# Tutorial Part 2: Arrays, Dictionaries and Reference Values

**Table of Content**

* [Isopy Arrays](#Isopy-Arrays)
    * [Creating Arrays](#Creating-Arrays)
    * [Array Attributes](#Array-Attributes)
    * [Array Methods](#Array-Methods)
    * [Array Functions](#Array-Functions)
* [Isopy Dictionaries](#Isopy-Dictionaries)
* [Reference Values](#Reference-Values)

In [1]:
import isopy
import numpy as np
import pyperclip # library for interacting with the clipboard

## Isopy Arrays
An isopy array can be seen as a table of data with a certain number of rows and columns. Each column has a key in the form of an isopy key string. These arrays allow you to easily manipulate data while keeping track of what the values represents. Technically, isopy arrays are a custom view of a structured numpy array. This means that they inherit much of the functionality of a numpy array. 

### Creating Arrays
You can create arrays directly using the different array flavours, e.g. ``IsotopeArray``, or by using the ``array`` and ``asarray`` functions. Isopy arrays can be created from a range of different data, described below.

---
When the input is a list/tuple or a numpy array we have to pass along the keys for each column in the input

In [50]:
data = [10, 20, 30] # Produces a 0-dimensional array
isopy.array(data, ['ru', 'pd', 'cd']) 

(row) , Ru , Pd , Cd 
None  , 10 , 20 , 30 

In [44]:
data = np.array([[10, 20, 30], [11, 21, 31]]) #Produces a 1-dimensional array
isopy.array(data, ['ru', 'pd', 'cd']) 

(row) , Ru , Pd , Cd 
0     , 10 , 20 , 30 
1     , 11 , 21 , 31 

**Note** The data type of each column defaults to ``numpy.float64`` for values that do not have a numpy dtype. If a value cannot be represented as a float the default data type inferred by numpy will be used. In the examples above the first array created will use the default data type while the second array will inherit the data type of the input, ``np.int32`` in this case.

---
Using the ``dtype`` keyword you can specify the data type for columns in the array. Any data type accepted by numpy is valid. You can either pass a single data type or a tuple of data types. The latter will use the first the data type which is valid for all the data in the column.

In [20]:
isopy.array([10, 20, 30], ['ru', 'pd', 'cd']).dtype # f8 stands for np.float64

dtype([('Ru', '<f8'), ('Pd', '<f8'), ('Cd', '<f8')])

In [21]:
isopy.array([10, 20, 30], ['ru', 'pd', 'cd'], dtype=np.int32).dtype # i4 stands for np.int32

dtype([('Ru', '<i4'), ('Pd', '<i4'), ('Cd', '<i4')])

In [30]:
isopy.array(['ten', 20, 30], ['ru', 'pd', 'cd'], dtype=(np.int32, str)).dtype # U stands for unicode string and the next number is the maximum length

dtype([('Ru', '<U3'), ('Pd', '<i4'), ('Cd', '<i4')])

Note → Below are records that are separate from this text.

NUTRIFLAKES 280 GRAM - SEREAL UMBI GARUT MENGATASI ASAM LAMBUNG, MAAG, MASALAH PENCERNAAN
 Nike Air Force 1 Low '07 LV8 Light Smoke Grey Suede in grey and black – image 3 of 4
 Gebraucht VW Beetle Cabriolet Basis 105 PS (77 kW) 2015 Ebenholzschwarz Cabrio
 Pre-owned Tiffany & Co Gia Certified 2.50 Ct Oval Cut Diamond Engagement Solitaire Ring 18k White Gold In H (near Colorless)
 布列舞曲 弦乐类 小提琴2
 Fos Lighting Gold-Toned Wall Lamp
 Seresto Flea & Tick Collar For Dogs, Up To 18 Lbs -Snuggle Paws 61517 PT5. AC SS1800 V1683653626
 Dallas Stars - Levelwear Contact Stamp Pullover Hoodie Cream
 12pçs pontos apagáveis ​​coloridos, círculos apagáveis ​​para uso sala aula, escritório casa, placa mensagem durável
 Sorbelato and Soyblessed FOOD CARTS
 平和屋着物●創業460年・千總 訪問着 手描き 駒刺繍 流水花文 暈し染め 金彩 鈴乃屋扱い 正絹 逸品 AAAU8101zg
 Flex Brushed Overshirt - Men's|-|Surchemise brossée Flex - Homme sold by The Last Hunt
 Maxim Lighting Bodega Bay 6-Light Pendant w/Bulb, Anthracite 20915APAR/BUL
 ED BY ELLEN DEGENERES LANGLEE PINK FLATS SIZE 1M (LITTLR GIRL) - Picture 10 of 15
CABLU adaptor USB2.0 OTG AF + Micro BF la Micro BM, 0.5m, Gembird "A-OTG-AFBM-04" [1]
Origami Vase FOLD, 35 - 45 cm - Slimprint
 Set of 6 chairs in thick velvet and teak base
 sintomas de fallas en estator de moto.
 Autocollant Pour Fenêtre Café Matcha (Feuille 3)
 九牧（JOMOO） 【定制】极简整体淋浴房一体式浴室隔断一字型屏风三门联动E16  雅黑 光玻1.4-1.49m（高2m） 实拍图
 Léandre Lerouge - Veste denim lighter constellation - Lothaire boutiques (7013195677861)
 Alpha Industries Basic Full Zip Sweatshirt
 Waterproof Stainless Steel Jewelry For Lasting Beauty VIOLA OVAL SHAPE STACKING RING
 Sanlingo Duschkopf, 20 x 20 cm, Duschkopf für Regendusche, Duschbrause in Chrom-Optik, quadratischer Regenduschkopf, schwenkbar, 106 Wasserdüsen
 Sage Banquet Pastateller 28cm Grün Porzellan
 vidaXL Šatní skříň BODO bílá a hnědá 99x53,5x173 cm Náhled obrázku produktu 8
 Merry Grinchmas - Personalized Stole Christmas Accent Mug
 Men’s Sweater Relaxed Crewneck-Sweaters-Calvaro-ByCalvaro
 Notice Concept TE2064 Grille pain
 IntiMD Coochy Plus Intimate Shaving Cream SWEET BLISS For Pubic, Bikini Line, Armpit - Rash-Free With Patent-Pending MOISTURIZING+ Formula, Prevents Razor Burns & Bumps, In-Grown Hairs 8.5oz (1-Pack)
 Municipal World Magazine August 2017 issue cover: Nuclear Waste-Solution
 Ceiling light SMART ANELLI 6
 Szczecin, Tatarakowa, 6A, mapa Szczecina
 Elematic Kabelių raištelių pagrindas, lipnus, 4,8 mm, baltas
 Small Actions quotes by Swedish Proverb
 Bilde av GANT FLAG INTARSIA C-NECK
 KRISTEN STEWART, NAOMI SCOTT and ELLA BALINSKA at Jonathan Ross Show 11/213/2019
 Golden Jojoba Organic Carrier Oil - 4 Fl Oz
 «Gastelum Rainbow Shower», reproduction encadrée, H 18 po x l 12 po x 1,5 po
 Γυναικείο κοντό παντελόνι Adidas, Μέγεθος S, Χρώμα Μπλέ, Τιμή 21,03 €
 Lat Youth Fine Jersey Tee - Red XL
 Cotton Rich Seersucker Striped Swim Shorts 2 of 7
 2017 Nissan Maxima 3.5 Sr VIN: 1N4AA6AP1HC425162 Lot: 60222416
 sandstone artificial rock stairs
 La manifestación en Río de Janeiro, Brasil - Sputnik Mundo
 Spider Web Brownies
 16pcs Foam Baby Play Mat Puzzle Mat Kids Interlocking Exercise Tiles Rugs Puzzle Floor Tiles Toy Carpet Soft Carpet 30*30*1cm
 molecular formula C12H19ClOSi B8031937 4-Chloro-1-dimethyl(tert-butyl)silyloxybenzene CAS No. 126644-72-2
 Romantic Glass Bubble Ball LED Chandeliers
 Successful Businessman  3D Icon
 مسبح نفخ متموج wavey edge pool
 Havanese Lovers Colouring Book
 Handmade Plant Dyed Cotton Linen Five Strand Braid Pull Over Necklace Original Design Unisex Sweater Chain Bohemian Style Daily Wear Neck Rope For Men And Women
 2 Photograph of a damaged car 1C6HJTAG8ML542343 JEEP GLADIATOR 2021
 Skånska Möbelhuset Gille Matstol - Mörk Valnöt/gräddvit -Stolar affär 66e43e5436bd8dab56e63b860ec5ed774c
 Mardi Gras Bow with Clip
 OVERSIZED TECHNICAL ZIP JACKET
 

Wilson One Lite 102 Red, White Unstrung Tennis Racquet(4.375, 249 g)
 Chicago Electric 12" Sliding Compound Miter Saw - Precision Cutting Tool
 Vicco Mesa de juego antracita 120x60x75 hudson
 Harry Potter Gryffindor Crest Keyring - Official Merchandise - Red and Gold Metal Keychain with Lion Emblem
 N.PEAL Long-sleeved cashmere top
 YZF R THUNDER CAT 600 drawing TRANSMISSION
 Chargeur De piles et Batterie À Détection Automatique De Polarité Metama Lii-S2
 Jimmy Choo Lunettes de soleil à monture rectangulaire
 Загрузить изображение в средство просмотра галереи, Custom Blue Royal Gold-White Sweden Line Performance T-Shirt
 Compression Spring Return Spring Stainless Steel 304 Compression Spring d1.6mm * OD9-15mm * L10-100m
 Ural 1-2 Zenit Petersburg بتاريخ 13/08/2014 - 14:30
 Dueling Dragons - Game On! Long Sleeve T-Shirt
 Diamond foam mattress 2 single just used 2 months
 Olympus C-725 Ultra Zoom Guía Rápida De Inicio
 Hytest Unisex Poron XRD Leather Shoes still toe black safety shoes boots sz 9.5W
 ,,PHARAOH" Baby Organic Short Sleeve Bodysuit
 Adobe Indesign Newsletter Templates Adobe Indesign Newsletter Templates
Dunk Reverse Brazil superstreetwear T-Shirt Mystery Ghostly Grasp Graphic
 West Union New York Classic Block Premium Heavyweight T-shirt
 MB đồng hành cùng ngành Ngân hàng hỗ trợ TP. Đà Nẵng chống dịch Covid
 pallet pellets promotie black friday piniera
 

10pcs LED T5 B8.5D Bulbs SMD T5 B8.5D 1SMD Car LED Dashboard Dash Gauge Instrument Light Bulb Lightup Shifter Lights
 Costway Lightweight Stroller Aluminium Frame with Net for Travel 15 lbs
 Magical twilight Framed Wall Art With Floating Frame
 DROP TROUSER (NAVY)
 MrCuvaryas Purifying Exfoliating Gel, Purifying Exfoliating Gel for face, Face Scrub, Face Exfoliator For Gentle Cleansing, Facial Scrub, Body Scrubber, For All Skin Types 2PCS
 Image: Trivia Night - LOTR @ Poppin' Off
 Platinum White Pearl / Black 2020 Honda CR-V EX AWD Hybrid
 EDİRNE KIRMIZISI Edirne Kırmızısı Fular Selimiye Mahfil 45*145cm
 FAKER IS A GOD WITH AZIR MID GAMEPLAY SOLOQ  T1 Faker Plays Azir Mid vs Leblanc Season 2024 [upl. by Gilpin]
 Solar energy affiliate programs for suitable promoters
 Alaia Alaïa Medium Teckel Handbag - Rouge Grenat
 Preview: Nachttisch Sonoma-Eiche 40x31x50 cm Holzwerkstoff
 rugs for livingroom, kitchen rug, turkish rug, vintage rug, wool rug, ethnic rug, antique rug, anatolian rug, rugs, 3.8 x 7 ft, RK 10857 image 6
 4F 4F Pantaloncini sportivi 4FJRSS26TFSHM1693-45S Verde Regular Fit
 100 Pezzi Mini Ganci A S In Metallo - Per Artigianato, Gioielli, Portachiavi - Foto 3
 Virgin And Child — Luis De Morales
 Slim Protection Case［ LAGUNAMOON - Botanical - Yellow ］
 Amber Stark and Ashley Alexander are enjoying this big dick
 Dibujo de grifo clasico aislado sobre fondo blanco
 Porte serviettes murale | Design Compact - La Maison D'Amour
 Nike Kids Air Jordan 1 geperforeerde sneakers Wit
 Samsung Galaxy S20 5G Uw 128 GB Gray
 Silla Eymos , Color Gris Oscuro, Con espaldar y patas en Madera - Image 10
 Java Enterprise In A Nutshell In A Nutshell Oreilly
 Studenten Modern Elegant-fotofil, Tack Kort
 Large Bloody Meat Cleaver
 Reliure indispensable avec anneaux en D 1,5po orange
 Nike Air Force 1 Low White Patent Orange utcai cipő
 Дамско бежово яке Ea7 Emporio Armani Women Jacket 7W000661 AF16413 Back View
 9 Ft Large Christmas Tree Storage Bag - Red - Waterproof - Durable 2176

To specify different data types for different columns pass a list of equal length to the number of columns.

In [24]:
isopy.array([10, 20, 30], ['ru', 'pd', 'cd'], dtype=[str, np.int32, np.float64]).dtype

dtype([('Ru', '<U2'), ('Pd', '<i4'), ('Cd', '<f8')])

---
Using the ``ndim`` keyword you can specify the number of dimensions of the array. To return a 0-dimensional array if possible, otherwise return a 1-dimensional array specify ``ndim`` as ``-1``. The row number of 0-dimensional arrays will appear as ``"None"`` in the ``repr()`` output of an array. You can also check the dimensionality of an array using the ``ndim`` attribute.

In [25]:
isopy.array([10, 20, 30], ['ru', 'pd', 'cd'], ndim=0) # Make 0-dimensional

(row) , Ru , Pd , Cd 
None  , 10 , 20 , 30 

In [26]:
isopy.array([10, 20, 30], ['ru', 'pd', 'cd'], ndim=1) # Make 1-dimensional

(row) , Ru , Pd , Cd 
0     , 10 , 20 , 30 

In [28]:
isopy.array([10, 20, 30], ['ru', 'pd', 'cd'], ndim=-1) # Make 0-dimesional if possible otherwise 1-dimensional.

(row) , Ru , Pd , Cd 
None  , 10 , 20 , 30 

In [27]:
isopy.array([[10, 20, 30], [11, 21, 31]], ['ru', 'pd', 'cd'], ndim = -1) 

(row) , Ru , Pd , Cd 
0     , 10 , 20 , 30 
1     , 11 , 21 , 31 

---
If the input is a dictionary or a structured numpy array the name of each column will be automatically inferred from the first argument.

In [46]:
data = dict(ru = [10, 11], pd= [20, 21], cd = [30, 31])
isopy.array(data)

(row) , Ru , Pd , Cd 
0     , 10 , 20 , 30 
1     , 11 , 21 , 31 

In [47]:
data = np.array([(10, 20, 30), (11, 21, 31)], dtype = [('ru', float), ('pd', float), ('cd', float)])
isopy.array(data)

(row) , Ru , Pd , Cd 
0     , 10 , 20 , 30 
1     , 11 , 21 , 31 

You can overwrite the inferred column keys by passing keys during creation

In [49]:
data = dict(ru = [10, 11], pd= [20, 21], cd = [30, 31])
isopy.array(data, ['101ru', '105pd', '111cd'])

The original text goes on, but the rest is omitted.